Find Your Passion: The Total Package


Aerospace engineering and mechanics major Martha Addison.

By Allison Bridges and Mary Wymer

As a little girl growing up in Florence, S.C., Martha Addison knew she wanted to be an aerospace engineer.

When the time came to choose a college, Addison wanted a school that offered her everything she deserved. “I am not just about engineering, and I wanted a school that had more to it than just engineering,” says Addison. “I wanted the whole package.”

The University of Alabama offered Addison, now a junior aerospace engineering and mechanics major, just what she wanted. Since making the move from the East Coast to Tuscaloosa, she has grown to develop the skills and abilities that UA strives to instill in its students.
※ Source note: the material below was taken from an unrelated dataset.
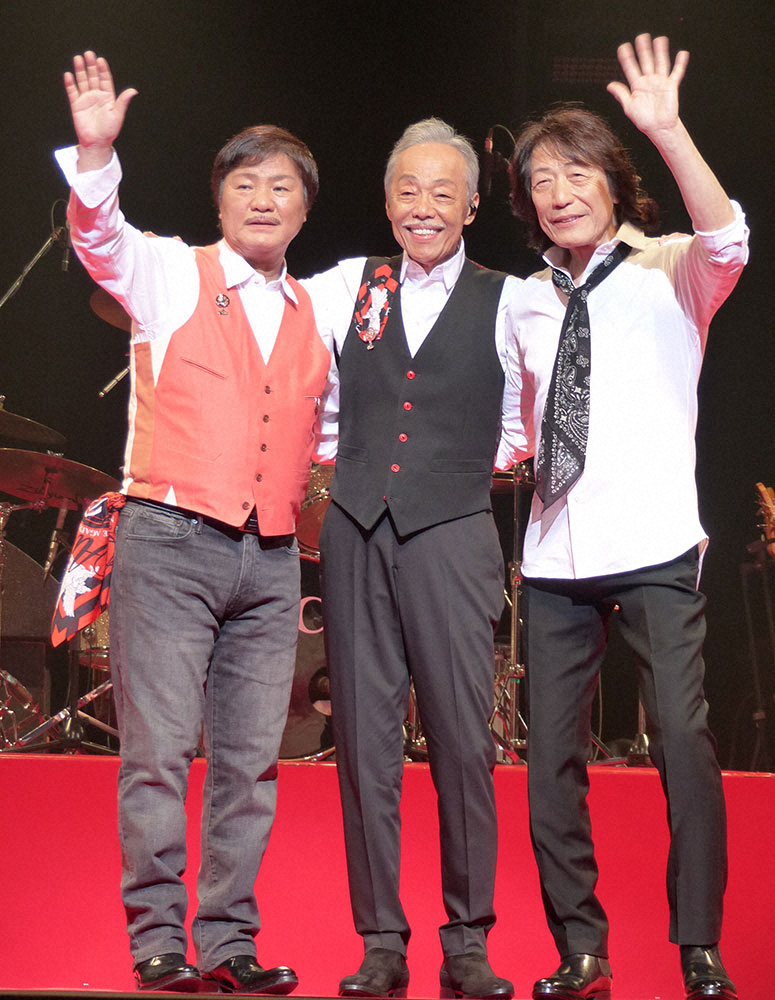 昨年5月、再始動ライブを行ったアリスの（左から）堀内孝雄、谷村新司、矢沢透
Addison is involved in several campus organizations, including the Wesley Foundation and the Honors Program’s intramural flag football team. However, her involvement with the College of Engineering’s organizations has proved to be the most beneficial, both personally and professionally, she says.

As an ambassador for UA’s College of Engineering, Addison now recruits students just like her who are about to make the transition from high school to college. She knows how important an inside perspective can be when making the final decision on where to receive a top-notch education, but she is most eager to share with potential students the benefits of UA’s “whole package.”
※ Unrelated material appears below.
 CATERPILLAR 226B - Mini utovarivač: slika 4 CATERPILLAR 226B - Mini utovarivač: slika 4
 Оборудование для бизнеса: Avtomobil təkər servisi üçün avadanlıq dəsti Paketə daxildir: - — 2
“When I was being recruited at UA, what I was most interested in was what the University could offer me,” says Addison. “I wanted to know what life was like outside of the classroom. Now I am in the position to recruit new students, and I am thankful for the opportunity to promote a school with such a rich tradition of excellence that is evident in its students, faculty, staff, academic programs and research initiatives. Every aspect of my experience has been exceptional.”

Martha Addison is the president of UA’s Society of Women Engineers. As the leader, she really enjoys working with the group through outreach programs to young girls.
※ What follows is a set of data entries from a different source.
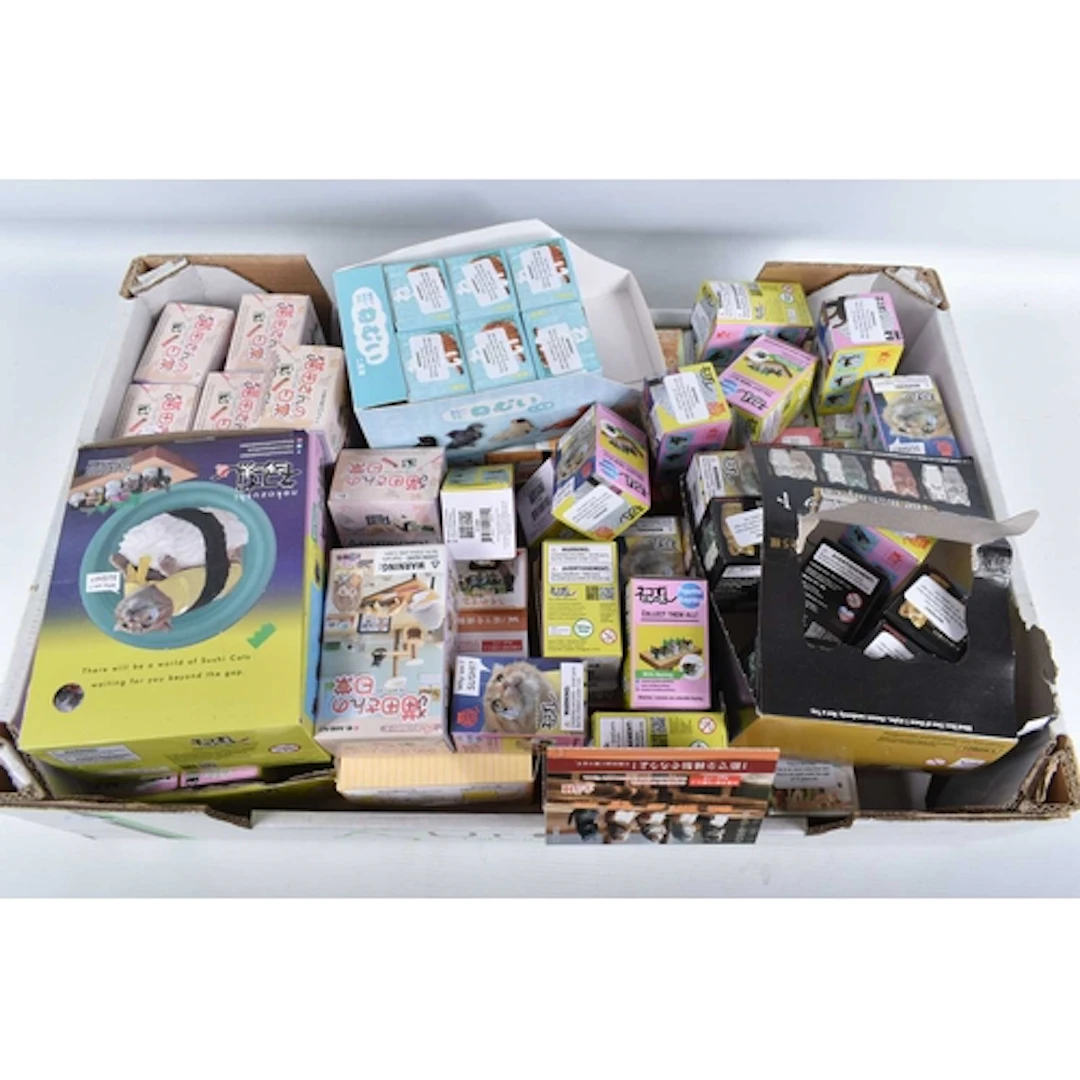 A SELECTION OF DISPLAY BOXES WITH BLIND BOX FIGURINES, to in...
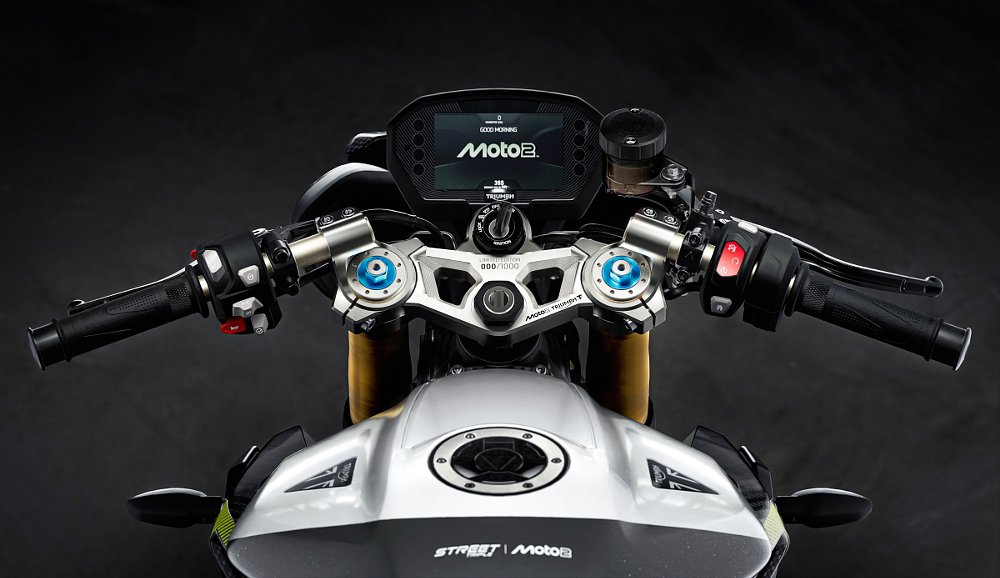cockpit view of the Street Triple Moto2 showing the 000/1000 numbering on the top triple clamp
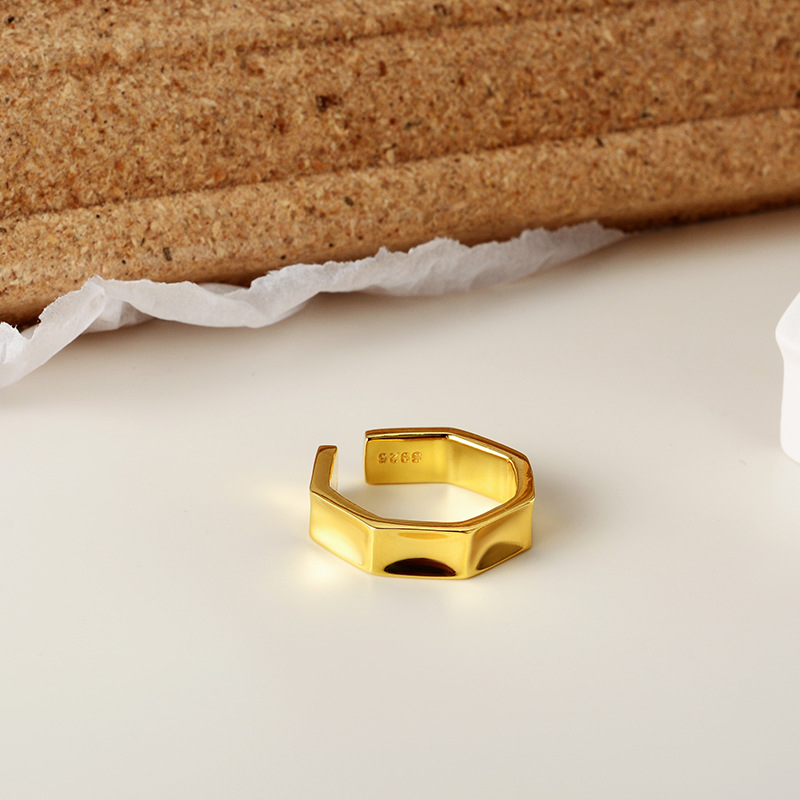 Glossy Geometric Ring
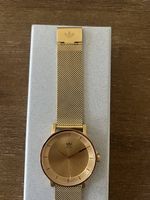 Adidas Originals District M1 All Gold Uhr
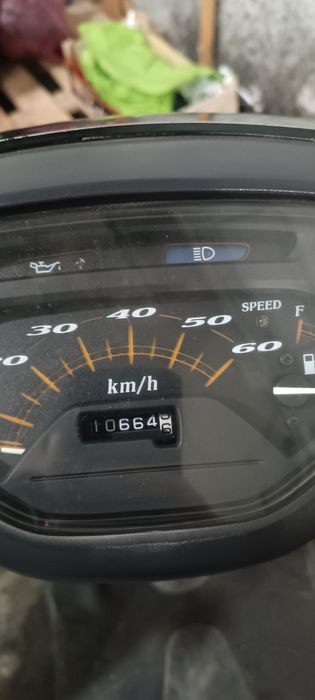 Продам Honda lead 48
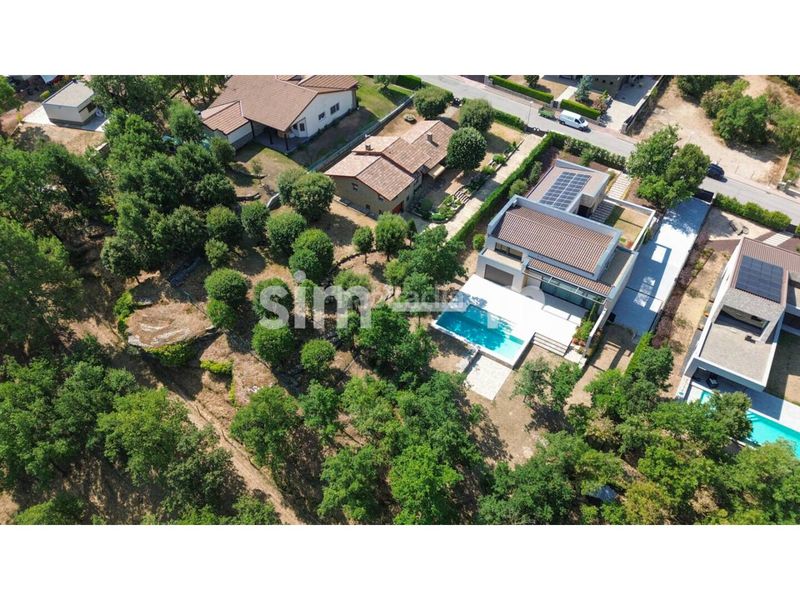 Foto 05740b83-a684-4d35-bbac-a9ba2a9b1a30. Chalet torre en venta zona urb. goitallops en Taradell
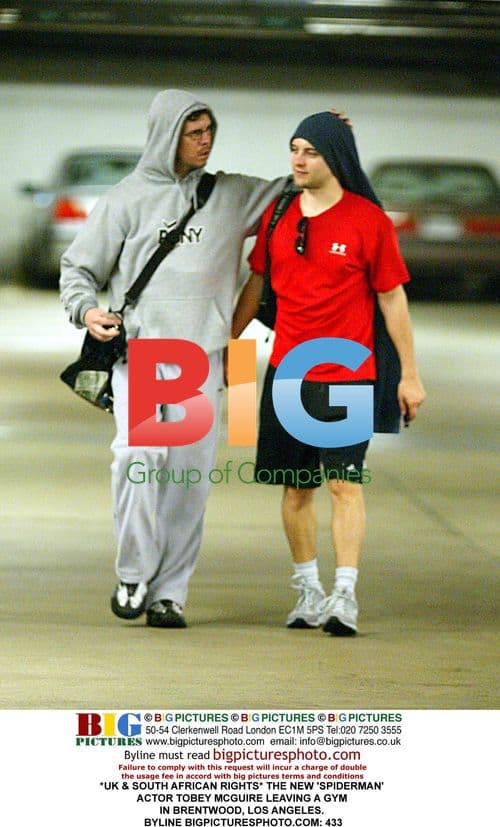 Tobey McGuire leaving LA gym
Martha Addison is the president of UA’s Society of Women Engineers. As the leader, she really enjoys working with the group through outreach programs to young girls.

Addison also serves as president of UA’s chapter of the Society of Women Engineers, a non-profit educational and service organization that establishes engineering as a highly desirable career aspiration for women. As a recipient of the SWE Future Leader Award, Addison attends the organization’s leadership training seminars.

“I did not have a strong female engineer to look to when I was growing up,” says Addison, “which is why SWE’s mission to motivate future female engineers is crucial to the engineering field. Women who are motivated by SWE can become successful engineers, thus increasing the expertise and innovations that are crucial to the field.”

The University of Alabama’s Crimson GRITS, or Girls Racing in the South, is also a contributor to Addison’s UA experience. She’s led the team that designs and builds an off-road vehicle for the Society of Automotive Engineers’annual mini-baja competition. The vehicle must meet several demanding requirements, providing the student members with a challenging project that involves the planning and manufacturing tasks encountered when introducing a new product to the consumer industrial market.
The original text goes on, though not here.